Guardando soltanto alle statistiche, nell’ultimo anno, a sorpresa, a Latina è migliora la situazione generale nel settore civile, con le pendenze ridotte a 33.428 rispetto alle 34.324 dell’anno precedente. In aumento, però, come prevedibile visto lo stato in cui si trova la sezione lavoro, le pendenze in materia appunto di lavoro e previdenza (+5%), in controtendenza rispetto agli altri uffici giudiziari del distretto. Nel penale invece le pendenze nell’ufficio gip/gup sono diminuite a 18.181 e i procedimento definiti (8.430) sono maggiori di quelli iscritti (7.757). Quando si passa però alla fase del processo il quadro cambia.

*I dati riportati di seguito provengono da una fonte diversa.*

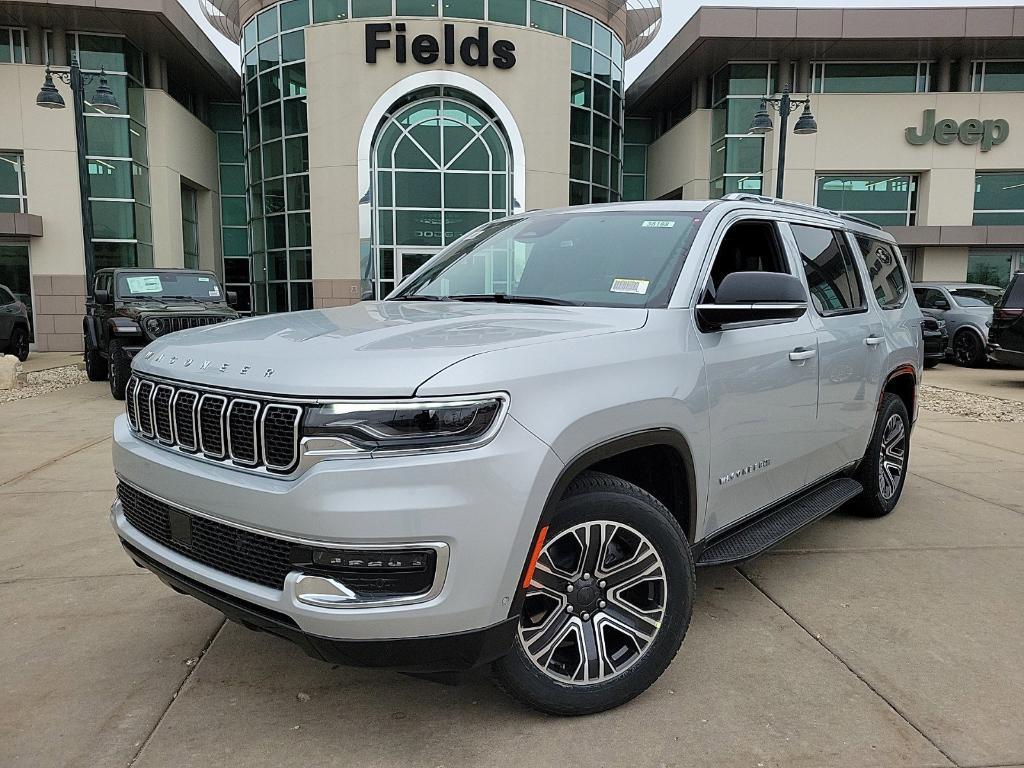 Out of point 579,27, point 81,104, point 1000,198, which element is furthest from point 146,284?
point 1000,198

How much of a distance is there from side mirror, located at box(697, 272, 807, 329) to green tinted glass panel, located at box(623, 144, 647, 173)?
2925 cm

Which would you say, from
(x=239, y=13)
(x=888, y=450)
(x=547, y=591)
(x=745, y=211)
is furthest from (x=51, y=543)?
(x=239, y=13)

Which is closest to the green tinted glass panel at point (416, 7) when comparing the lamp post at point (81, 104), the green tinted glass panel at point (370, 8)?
the green tinted glass panel at point (370, 8)

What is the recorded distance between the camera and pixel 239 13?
24.8 m

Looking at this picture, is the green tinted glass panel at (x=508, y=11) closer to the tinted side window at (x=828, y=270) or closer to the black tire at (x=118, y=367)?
the black tire at (x=118, y=367)

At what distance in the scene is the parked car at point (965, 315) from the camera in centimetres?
1559

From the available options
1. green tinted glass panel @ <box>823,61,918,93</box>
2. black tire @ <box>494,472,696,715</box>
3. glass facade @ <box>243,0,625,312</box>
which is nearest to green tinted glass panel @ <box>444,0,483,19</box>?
glass facade @ <box>243,0,625,312</box>

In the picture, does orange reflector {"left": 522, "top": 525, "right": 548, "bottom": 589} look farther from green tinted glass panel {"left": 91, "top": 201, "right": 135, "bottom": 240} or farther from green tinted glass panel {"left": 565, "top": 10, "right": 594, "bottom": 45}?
green tinted glass panel {"left": 565, "top": 10, "right": 594, "bottom": 45}

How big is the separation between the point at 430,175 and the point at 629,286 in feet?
66.6

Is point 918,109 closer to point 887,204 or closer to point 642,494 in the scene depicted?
point 887,204

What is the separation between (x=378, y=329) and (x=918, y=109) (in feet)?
85.1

Al dibattimento le pendenze sono aumentate e hanno toccato quota 11.896, i procedimenti definiti sono stati 2.882 e quelli iscritti 3.044.

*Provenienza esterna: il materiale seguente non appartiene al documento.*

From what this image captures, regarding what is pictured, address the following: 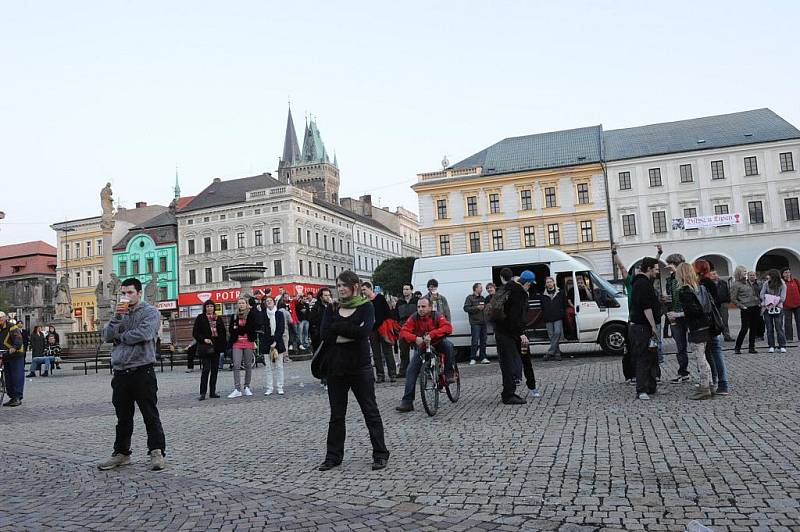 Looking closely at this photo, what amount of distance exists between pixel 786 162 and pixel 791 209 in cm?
355

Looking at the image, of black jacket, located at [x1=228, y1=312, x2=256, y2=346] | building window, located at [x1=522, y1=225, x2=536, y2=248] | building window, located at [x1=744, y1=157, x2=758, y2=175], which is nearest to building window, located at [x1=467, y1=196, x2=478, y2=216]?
building window, located at [x1=522, y1=225, x2=536, y2=248]

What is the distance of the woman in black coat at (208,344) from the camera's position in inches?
492

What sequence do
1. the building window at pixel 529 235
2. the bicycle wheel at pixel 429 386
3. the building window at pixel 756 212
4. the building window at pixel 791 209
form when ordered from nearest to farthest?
the bicycle wheel at pixel 429 386 < the building window at pixel 791 209 < the building window at pixel 756 212 < the building window at pixel 529 235

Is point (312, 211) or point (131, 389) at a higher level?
point (312, 211)

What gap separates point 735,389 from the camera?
941cm

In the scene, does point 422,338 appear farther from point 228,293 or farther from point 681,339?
point 228,293

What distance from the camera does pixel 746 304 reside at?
14.2 m

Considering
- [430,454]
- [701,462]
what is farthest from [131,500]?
[701,462]

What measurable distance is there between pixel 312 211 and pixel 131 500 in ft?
221

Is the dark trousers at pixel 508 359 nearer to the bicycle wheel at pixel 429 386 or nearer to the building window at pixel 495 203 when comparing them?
the bicycle wheel at pixel 429 386

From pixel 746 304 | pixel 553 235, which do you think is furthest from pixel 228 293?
pixel 746 304

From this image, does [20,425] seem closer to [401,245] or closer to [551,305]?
[551,305]

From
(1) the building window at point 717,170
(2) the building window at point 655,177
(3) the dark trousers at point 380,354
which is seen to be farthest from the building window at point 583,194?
(3) the dark trousers at point 380,354

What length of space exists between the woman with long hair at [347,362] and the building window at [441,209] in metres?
50.1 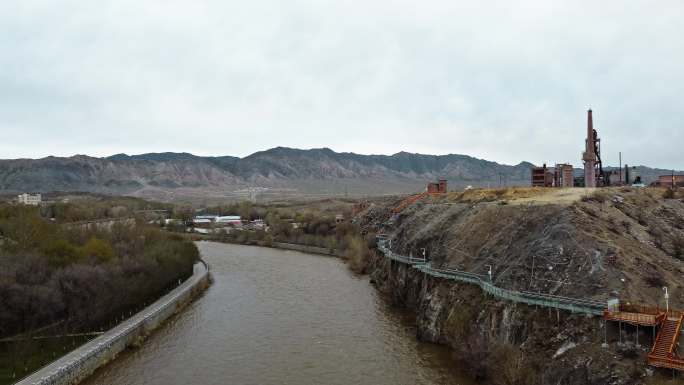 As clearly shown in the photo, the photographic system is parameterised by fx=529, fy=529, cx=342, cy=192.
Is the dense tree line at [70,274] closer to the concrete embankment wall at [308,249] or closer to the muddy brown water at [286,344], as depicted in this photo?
the muddy brown water at [286,344]

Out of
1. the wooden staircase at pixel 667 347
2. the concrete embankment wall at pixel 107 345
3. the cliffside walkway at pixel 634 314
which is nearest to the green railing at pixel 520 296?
the cliffside walkway at pixel 634 314

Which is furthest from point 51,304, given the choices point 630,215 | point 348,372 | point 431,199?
point 431,199

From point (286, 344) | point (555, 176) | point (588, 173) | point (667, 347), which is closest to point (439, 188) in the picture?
point (555, 176)

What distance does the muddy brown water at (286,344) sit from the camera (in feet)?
112

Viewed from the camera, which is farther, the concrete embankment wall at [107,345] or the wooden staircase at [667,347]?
the concrete embankment wall at [107,345]

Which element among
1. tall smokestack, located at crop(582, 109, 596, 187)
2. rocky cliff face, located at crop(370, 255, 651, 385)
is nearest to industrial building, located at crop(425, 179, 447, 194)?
tall smokestack, located at crop(582, 109, 596, 187)

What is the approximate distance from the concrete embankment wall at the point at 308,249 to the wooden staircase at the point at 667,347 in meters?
70.0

TANTO LAVORO E MEZZI INSUFFICIENTI

Bisogna ricordare i tanti Tribunali del Lazio, a cominciare da Latina, ma non soltanto Latina – ha dichiarato il presidente Panzani nella sua relazione – dove la giustizia penale cerca di dare risposta alla progressiva avanzata della criminalità organizzata che dalla Campania è salita attraverso l’Agro Pontino ed il litorale laziale, sino a toccare Ostia e Guidonia. Velletri, Tivoli, Civitavecchia, Cassino sono tribunali che hanno carichi di lavoro impressionanti e che svolgono un lavoro enorme con mezzi insufficienti”.

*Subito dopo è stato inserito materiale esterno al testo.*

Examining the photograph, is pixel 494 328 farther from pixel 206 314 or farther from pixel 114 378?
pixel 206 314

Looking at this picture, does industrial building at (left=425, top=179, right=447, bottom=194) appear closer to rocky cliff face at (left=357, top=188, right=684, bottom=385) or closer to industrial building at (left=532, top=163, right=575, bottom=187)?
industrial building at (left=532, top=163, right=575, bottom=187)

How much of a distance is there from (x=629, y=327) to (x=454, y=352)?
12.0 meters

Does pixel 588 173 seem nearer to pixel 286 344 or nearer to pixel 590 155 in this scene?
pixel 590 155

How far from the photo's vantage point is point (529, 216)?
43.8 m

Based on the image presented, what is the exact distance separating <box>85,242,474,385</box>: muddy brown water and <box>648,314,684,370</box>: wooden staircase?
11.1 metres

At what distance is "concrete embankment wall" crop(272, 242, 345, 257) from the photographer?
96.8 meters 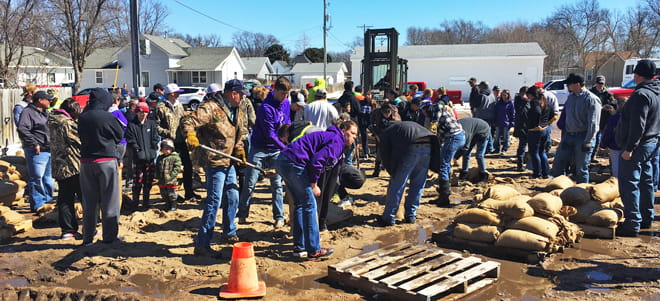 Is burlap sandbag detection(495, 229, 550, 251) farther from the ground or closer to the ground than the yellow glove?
closer to the ground

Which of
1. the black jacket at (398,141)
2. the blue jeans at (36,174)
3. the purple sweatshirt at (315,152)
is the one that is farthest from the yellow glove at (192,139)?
the blue jeans at (36,174)

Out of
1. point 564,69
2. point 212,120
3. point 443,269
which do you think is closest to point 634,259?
point 443,269

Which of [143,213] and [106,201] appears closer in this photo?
[106,201]

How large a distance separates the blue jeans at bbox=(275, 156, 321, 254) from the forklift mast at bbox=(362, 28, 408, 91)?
11.0 metres

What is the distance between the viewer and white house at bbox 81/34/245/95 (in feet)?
149

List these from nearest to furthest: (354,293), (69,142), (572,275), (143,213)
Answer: (354,293) → (572,275) → (69,142) → (143,213)

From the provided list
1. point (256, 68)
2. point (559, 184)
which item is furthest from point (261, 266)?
point (256, 68)

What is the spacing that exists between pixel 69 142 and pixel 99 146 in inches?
33.8

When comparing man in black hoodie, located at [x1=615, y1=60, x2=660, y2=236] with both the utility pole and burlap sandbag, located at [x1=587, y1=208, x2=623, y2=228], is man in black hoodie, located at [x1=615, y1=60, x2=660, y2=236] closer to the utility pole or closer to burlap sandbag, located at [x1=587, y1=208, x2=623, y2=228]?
burlap sandbag, located at [x1=587, y1=208, x2=623, y2=228]

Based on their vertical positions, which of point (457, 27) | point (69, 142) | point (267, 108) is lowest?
point (69, 142)

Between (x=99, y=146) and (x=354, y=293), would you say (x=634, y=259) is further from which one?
(x=99, y=146)

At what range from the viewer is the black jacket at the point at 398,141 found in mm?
6336

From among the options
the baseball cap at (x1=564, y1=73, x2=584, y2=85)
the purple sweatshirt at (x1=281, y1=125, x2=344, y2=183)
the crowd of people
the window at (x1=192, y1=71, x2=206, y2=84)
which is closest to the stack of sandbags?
the crowd of people

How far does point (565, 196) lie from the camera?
6.37 metres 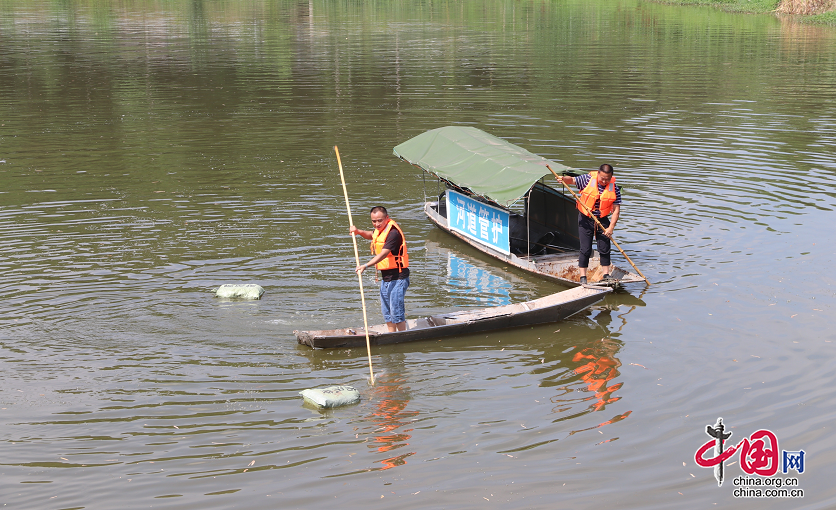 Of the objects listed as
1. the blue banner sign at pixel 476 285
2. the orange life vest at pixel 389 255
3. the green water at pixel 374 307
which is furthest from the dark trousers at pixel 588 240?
the orange life vest at pixel 389 255

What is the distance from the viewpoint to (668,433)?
33.8 ft

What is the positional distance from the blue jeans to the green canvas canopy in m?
3.55

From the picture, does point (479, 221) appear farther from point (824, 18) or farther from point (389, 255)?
point (824, 18)

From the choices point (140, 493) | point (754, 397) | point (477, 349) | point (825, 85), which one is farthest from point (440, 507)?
point (825, 85)

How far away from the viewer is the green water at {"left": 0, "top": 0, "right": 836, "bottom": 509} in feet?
31.1

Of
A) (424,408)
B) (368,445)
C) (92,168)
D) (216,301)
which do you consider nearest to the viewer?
(368,445)

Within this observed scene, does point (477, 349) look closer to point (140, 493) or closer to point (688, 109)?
point (140, 493)

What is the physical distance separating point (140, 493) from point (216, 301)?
569cm

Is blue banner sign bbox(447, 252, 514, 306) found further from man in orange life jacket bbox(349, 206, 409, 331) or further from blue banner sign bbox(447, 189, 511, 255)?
man in orange life jacket bbox(349, 206, 409, 331)

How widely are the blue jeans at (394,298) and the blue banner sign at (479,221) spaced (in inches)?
171

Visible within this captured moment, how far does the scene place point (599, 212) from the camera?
1534cm

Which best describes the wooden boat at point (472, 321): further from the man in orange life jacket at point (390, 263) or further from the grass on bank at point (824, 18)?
the grass on bank at point (824, 18)

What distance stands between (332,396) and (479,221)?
788 centimetres

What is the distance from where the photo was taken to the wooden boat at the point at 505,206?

SITUAZIONE DIFFICILE PER IL TIPO DI REATI CONTESTATI

Entrando nello specifico dell’ufficio giudiziario pontino, il magistrato ha poi specificato che “il settore penale del Tribunale è in grave sofferenza, risultando la sezione penale composta, oltre che dal Presidente, da 8 giudici – un posto è attualmente vacante – a fronte di sopravvenienze annuali e pendenze particolarmente significative”. Ancora: “Situazione sicuramente difficile, tenuto anche conto della qualità dei procedimenti penali, alcuni dei quali aventi ad oggetto reati in materia di criminalità organizzata”.

PREOCCUPAZIONE PER LATINA

A fargli eco è stato quindi il vice presidente Legnini, al termine delle audizioni della VI commissione del Csm che si sono svolte a Latina: “Esprimiamo preoccupazione per la presenza diffusa della criminalità organizzata sul territorio provinciale. Una presenza che va consolidandosi e che si rende più pericolosa per il traffico di sostanze stupefacenti e perché investe nelle attività economiche, mimetizzandosi come fa anche in altri territori. La situazione è però fronteggiata da magistratura e forze dell’ordine, con indagini importanti che si sono concluse e altre in corso. Altro elemento di preoccupazione – ha quindi evidenziato – è riferito al settore civile del tribunale e in particolare alla sezione lavoro, dove c’è un solo giudice su cinque previsti”. “L’obiettivo che il Tribunale dovrà porsi – ha aggiunto – è quello di abbattere gli arretrati. Certamente esistono difficoltà dovute alla grave scopertura di organico che supera il 20% dell’organico di diritto. Se i posti pubblicati non dovessero esser coperti si chiederà di qualificare quella di Latina come sede disagiata”.